:: Data below ::
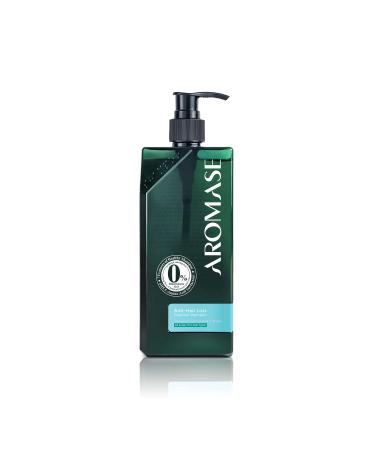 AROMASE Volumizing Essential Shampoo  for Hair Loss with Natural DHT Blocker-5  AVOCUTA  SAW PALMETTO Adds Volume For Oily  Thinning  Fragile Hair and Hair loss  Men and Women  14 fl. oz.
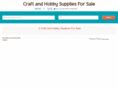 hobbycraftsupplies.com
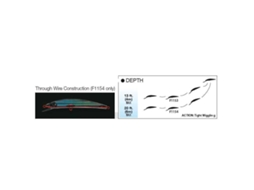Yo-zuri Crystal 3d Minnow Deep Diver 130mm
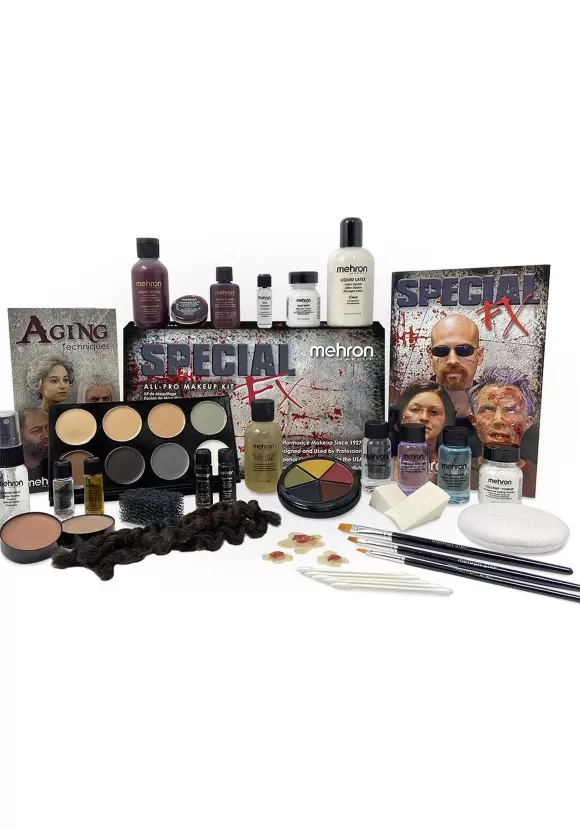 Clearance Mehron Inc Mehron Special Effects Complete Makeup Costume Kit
:::
→ **Your instructions**
Write out exactly, and only, the lines from the line holding "hobbycraftsupplies.com" through the end of the data, inclusive, without any pictures.

→ **Written solution**
 hobbycraftsupplies.com
Yo-zuri Crystal 3d Minnow Deep Diver 130mm
 Clearance Mehron Inc Mehron Special Effects Complete Makeup Costume Kit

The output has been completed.